◆ **ACTIVITY**
The lines from the start of the records below through the line containing "Gonso Fahrradhandschuhe Halbfinger" are to be copied exactly, both ends included, with nothing added.

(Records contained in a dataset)
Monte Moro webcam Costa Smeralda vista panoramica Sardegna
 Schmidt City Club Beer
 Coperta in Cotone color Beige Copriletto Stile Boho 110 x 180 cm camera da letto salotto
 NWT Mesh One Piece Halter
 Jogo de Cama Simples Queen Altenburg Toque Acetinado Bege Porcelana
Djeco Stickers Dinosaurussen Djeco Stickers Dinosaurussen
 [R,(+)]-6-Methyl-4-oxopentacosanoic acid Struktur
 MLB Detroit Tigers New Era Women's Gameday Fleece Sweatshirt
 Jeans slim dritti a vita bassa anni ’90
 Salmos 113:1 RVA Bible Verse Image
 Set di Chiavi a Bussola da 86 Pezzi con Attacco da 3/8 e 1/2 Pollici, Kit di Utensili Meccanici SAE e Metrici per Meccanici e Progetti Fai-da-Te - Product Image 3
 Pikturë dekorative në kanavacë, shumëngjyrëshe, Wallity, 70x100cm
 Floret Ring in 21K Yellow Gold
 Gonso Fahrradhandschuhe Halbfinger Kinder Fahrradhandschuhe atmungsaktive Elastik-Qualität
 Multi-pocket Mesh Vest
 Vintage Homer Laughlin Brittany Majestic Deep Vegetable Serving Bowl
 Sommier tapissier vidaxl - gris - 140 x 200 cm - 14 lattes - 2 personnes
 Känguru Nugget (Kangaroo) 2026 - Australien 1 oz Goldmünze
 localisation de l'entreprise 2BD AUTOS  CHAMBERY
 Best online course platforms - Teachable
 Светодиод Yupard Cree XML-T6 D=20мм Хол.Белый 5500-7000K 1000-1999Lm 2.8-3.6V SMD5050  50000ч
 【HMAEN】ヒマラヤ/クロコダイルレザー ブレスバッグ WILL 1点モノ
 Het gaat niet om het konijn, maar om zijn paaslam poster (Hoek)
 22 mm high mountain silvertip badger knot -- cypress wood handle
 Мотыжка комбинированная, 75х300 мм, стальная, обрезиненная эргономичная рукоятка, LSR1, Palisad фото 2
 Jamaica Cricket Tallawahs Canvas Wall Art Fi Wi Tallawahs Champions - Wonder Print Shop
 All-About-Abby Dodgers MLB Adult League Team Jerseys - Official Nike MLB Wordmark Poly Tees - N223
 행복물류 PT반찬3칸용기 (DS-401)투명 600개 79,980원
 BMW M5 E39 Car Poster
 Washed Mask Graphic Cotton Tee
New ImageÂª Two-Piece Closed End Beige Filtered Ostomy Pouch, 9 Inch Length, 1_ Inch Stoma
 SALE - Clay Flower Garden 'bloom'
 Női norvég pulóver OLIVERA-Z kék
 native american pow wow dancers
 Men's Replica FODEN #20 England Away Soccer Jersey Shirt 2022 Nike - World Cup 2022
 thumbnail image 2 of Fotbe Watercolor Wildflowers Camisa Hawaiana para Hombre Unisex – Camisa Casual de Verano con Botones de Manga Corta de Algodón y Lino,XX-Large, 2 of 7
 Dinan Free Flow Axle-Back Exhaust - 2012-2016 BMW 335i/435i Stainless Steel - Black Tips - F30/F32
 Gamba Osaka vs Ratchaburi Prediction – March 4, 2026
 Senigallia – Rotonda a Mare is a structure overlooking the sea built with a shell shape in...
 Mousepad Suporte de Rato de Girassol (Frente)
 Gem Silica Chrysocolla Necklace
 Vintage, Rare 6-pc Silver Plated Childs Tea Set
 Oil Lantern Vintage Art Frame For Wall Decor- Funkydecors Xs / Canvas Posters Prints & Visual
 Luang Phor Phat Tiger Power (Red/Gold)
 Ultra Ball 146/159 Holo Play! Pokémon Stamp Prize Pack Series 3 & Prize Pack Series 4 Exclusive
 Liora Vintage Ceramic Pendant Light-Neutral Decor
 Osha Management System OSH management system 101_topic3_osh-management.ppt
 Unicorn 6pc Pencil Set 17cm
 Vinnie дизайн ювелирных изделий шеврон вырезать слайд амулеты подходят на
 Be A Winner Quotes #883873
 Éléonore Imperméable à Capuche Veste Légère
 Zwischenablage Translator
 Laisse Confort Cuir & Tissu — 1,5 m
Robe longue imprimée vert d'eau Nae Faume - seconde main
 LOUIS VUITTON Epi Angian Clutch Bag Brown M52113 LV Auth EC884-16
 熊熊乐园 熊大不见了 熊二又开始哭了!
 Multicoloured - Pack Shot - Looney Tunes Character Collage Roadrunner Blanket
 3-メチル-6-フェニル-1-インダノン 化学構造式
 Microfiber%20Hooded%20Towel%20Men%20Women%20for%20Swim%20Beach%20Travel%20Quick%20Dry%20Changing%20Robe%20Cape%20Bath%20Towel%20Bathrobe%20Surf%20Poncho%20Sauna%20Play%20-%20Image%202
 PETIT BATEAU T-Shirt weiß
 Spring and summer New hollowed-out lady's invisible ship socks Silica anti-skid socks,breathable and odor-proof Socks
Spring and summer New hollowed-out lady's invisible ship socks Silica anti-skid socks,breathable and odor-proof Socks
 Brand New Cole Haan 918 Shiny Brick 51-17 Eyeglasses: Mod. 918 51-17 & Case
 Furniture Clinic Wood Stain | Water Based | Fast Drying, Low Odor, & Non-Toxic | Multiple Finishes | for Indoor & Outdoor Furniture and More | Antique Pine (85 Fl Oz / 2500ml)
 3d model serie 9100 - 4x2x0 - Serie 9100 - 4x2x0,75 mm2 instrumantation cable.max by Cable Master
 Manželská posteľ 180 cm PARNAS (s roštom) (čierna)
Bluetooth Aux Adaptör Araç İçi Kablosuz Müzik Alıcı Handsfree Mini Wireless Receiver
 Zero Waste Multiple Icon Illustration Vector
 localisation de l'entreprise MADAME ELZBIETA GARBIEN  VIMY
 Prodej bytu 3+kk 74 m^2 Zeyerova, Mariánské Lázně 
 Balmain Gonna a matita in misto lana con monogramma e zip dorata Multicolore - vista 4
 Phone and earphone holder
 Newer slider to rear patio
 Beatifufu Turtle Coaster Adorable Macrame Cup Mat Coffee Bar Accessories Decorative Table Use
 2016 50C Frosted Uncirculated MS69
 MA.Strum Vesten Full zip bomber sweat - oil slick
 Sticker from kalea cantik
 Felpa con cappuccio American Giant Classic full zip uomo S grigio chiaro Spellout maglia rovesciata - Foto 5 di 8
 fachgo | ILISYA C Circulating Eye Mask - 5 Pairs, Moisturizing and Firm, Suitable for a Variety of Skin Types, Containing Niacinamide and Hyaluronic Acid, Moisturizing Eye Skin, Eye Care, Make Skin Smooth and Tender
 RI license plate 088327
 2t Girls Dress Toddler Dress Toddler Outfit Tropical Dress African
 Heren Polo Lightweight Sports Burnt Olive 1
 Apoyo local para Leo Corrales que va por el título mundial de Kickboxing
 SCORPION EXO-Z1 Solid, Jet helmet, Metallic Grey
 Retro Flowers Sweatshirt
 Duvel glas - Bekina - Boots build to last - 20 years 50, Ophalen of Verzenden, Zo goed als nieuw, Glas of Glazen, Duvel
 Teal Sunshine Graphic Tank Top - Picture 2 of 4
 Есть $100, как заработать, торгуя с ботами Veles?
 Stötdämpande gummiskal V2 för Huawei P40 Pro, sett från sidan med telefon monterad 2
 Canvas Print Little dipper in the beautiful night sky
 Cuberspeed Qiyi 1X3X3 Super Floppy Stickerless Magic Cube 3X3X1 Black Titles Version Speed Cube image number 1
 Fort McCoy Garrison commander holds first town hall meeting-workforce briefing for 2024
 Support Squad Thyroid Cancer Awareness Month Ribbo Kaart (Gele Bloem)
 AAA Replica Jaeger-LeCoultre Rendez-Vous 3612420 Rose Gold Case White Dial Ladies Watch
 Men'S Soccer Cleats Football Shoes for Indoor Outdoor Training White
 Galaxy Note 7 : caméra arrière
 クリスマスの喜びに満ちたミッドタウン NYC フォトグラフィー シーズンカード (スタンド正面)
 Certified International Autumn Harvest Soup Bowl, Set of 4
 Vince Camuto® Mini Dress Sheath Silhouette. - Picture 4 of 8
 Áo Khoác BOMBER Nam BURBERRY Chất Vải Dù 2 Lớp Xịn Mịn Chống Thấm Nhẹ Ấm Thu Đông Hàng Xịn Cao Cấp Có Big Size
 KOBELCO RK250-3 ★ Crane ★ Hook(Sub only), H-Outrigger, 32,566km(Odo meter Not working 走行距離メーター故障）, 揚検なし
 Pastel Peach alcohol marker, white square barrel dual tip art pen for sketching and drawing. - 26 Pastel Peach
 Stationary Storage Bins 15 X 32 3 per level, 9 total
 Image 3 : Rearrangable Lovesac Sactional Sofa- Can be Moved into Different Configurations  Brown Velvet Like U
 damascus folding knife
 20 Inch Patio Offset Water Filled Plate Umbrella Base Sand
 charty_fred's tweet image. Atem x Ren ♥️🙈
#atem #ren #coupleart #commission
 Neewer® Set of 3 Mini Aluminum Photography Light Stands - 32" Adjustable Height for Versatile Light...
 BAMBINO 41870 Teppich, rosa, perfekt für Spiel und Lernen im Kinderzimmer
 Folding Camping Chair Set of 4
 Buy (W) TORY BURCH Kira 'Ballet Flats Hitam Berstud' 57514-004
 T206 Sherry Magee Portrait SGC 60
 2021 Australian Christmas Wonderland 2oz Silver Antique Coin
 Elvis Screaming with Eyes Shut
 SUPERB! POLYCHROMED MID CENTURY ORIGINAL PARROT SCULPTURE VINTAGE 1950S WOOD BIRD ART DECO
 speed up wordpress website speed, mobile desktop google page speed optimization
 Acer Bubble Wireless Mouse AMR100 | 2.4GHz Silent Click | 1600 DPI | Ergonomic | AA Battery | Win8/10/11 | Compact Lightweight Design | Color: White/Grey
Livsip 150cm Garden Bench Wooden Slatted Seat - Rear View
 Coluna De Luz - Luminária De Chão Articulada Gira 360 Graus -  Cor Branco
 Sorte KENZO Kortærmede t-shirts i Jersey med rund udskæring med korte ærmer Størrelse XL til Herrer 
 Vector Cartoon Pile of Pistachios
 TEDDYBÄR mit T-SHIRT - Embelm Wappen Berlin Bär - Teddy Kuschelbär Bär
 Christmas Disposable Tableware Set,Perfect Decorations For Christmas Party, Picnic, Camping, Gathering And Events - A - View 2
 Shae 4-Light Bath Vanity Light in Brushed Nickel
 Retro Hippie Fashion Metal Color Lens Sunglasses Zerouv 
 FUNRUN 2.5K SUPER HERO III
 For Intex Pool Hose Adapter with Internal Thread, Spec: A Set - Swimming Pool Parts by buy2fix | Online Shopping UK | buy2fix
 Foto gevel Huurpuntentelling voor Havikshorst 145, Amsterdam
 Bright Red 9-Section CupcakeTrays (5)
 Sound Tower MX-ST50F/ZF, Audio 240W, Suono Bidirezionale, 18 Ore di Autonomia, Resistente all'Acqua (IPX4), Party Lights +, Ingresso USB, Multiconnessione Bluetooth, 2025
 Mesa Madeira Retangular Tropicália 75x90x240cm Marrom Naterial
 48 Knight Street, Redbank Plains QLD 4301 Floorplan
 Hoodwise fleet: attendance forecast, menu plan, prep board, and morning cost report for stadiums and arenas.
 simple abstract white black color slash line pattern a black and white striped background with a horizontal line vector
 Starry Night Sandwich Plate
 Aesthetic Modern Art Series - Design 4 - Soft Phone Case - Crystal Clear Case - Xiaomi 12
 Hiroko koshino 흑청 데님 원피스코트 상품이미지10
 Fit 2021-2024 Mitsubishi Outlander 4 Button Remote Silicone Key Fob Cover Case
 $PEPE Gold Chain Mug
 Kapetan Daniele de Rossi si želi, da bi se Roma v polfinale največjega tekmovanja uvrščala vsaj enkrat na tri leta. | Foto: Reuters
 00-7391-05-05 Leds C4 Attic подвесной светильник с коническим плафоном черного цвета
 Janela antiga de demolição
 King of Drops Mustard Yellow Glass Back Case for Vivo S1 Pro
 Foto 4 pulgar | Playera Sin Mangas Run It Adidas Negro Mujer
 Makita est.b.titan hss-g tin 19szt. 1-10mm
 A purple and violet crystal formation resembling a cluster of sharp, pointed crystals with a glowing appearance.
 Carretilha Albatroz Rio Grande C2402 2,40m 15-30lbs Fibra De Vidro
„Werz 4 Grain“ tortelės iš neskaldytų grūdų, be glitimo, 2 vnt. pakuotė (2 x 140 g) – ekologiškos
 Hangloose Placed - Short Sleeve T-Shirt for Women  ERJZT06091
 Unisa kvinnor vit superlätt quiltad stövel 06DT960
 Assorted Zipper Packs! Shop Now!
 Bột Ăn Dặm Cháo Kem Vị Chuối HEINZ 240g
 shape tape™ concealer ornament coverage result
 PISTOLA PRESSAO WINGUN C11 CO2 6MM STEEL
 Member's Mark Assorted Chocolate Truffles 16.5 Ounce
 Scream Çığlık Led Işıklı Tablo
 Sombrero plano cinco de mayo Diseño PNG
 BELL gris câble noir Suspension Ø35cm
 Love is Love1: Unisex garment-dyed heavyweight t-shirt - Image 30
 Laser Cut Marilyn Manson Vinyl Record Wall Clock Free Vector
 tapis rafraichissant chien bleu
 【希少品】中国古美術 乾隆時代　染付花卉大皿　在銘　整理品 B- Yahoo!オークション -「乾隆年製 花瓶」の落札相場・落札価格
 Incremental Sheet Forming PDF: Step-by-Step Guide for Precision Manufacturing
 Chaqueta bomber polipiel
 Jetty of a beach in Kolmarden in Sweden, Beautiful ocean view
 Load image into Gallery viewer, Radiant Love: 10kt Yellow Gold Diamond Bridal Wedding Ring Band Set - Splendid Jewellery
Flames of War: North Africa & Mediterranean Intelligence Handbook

◆ **FINISHED EXERCISE**
Monte Moro webcam Costa Smeralda vista panoramica Sardegna
 Schmidt City Club Beer
 Coperta in Cotone color Beige Copriletto Stile Boho 110 x 180 cm camera da letto salotto
 NWT Mesh One Piece Halter
 Jogo de Cama Simples Queen Altenburg Toque Acetinado Bege Porcelana
Djeco Stickers Dinosaurussen Djeco Stickers Dinosaurussen
 [R,(+)]-6-Methyl-4-oxopentacosanoic acid Struktur
 MLB Detroit Tigers New Era Women's Gameday Fleece Sweatshirt
 Jeans slim dritti a vita bassa anni ’90
 Salmos 113:1 RVA Bible Verse Image
 Set di Chiavi a Bussola da 86 Pezzi con Attacco da 3/8 e 1/2 Pollici, Kit di Utensili Meccanici SAE e Metrici per Meccanici e Progetti Fai-da-Te - Product Image 3
 Pikturë dekorative në kanavacë, shumëngjyrëshe, Wallity, 70x100cm
 Floret Ring in 21K Yellow Gold
 Gonso Fahrradhandschuhe Halbfinger Kinder Fahrradhandschuhe atmungsaktive Elastik-Qualität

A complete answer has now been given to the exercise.